Miracle Workers, Simon Rich (TBS)

Miracle Workers est une drôle de série et une série fort drôle. La première saison est l’adaptation d’un roman écrit par Simon Rich, qui est aussi le créateur de la version télévisée commandée par la chaîne américaine TBS. Au lieu de prolonger cette première saison avec des idées nouvelles, comme c’est souvent le cas, la suite est l’adaptation d’une toute autre nouvelle de l’auteur. On garde le casting, on conserve l’humour décalé, mais l’histoire et l’univers changent du tout au tout. Si vous aimez l’absurde et les décalages comiques, Miracle Workers est une série d’anthologie très réussie jusque-là, avec deux saisons originales et drôles.

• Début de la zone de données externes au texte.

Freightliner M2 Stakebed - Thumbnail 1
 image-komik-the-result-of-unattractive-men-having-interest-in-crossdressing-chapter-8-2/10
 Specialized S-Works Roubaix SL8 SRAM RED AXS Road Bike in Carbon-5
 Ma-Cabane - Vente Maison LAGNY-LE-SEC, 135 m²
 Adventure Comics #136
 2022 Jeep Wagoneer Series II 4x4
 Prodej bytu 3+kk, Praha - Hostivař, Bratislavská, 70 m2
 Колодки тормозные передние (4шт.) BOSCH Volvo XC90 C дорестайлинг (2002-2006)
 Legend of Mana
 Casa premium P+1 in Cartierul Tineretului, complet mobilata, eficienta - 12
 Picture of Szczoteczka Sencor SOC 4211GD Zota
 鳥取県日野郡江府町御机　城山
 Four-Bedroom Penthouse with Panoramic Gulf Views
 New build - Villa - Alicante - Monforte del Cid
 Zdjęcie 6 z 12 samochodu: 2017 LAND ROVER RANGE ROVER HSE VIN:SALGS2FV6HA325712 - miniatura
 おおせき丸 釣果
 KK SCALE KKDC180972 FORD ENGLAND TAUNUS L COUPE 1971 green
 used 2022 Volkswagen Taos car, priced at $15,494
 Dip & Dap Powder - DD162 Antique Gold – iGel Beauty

La première saison imagine que la Terre a été créée par un Dieu terriblement humain, incarné par Steve Buscemi sous une longue tignasse sale. Il est le CEO de Heaven Inc., une entreprise qui se charge de créer et surtout de gérer la planète et tout ce qui la compose. Des ouvriers se chargent de créer des nuages, des ingénieurs imaginent des animaux aussi absurdes que la giraffe — une sorte de chien avec un long cou, comme le décrit son créateur — ou l’humain et des cadres vérifient que tout le monde fait son boulot correctement. Cette vision un poil ridicule de la Genèse n’est pas radicalement nouvelle, mais Simon Rich l’exploite bien, avec de multiples idées pour la ridiculiser un petit peu plus. Dieu est un enfant pourri gâté qui fait honte à ses parents, qui ne sait absolument rien faire tout seul et qui ne veut plus entendre parler de sa création depuis que les humains ont cessé de croire en lui. Il boude dans sa chambre, située tout en haut de l’entreprise bien évidemment, avec ses assistants qui doivent tout faire pour lui, y compris réchauffer ses plats préparés au micro-ondes. Lassé, il décide finalement de détruire la planète, sauf si le département des miracles parvient à faire embrasser un couple choisi au hasard. Chaque épisode se rapproche de l’Apocalypse et la saison, trop brève, se construit autour des tentatives toujours plus absurdes des anges pour que les deux tourtereaux finissent par s’embrasser.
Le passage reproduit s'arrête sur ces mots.